## Description of the task:
In the entries below, print exactly the lines from the first through the one with "( pablo neruda", both included, and none of the pictures.

## Collected data:
• • •
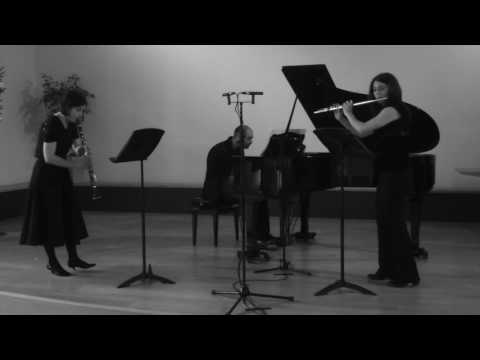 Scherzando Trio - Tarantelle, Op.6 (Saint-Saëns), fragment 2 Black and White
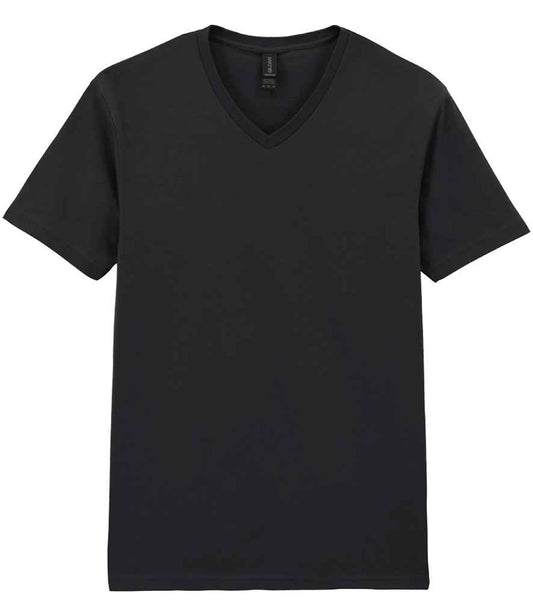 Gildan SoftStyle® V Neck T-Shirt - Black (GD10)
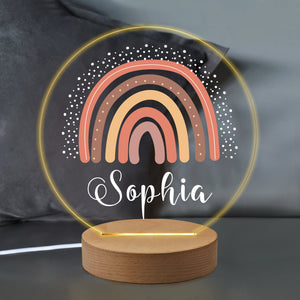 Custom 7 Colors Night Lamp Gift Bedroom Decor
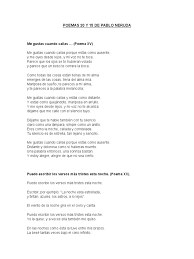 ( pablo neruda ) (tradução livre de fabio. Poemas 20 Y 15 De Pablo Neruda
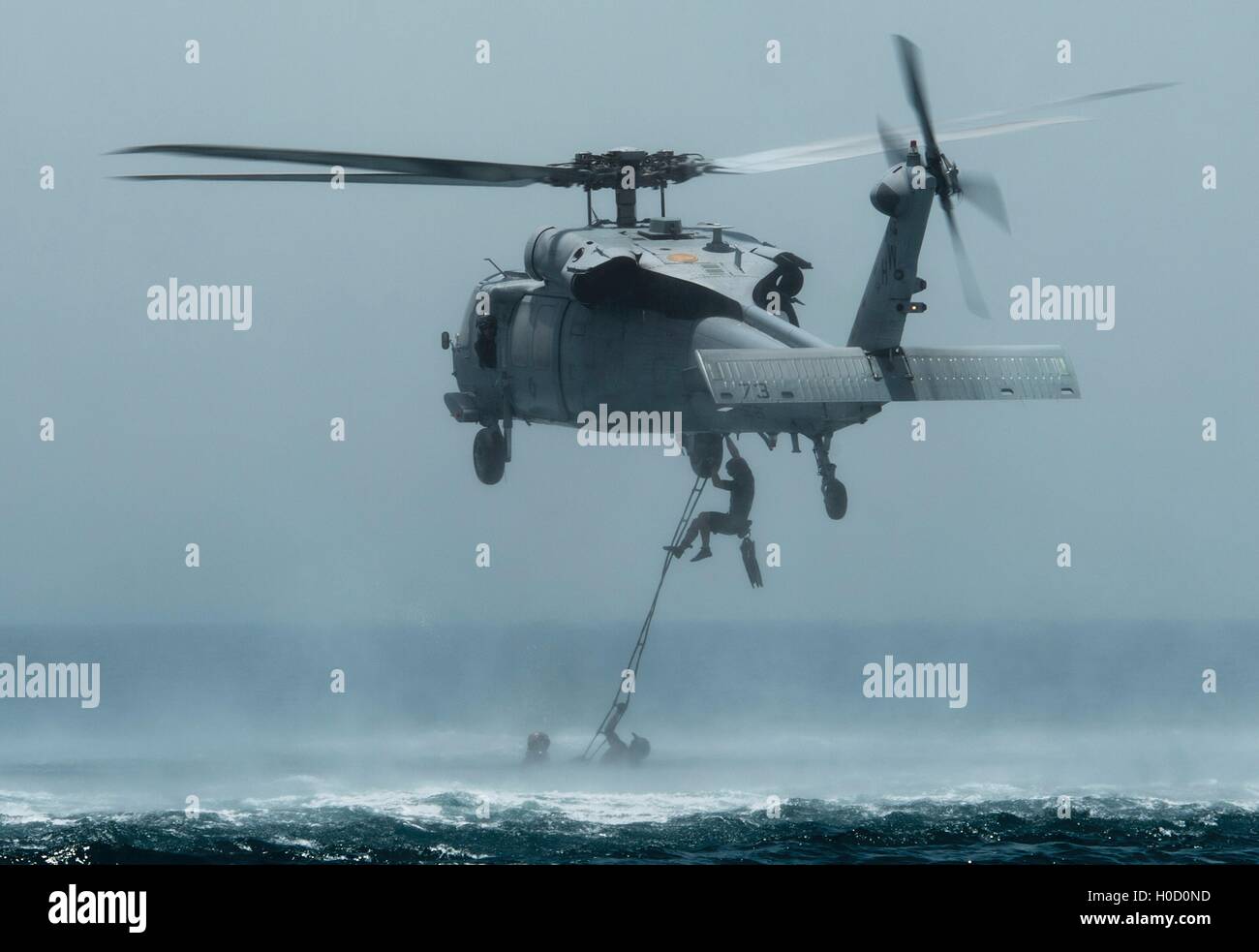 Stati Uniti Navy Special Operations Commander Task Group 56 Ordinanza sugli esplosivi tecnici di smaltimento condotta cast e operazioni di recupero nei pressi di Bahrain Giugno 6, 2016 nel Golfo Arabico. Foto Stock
• • •
## Solution to this exercise:
 Scherzando Trio - Tarantelle, Op.6 (Saint-Saëns), fragment 2 Black and White
 Gildan SoftStyle® V Neck T-Shirt - Black (GD10)
 Custom 7 Colors Night Lamp Gift Bedroom Decor
 ( pablo neruda ) (tradução livre de fabio. Poemas 20 Y 15 De Pablo Neruda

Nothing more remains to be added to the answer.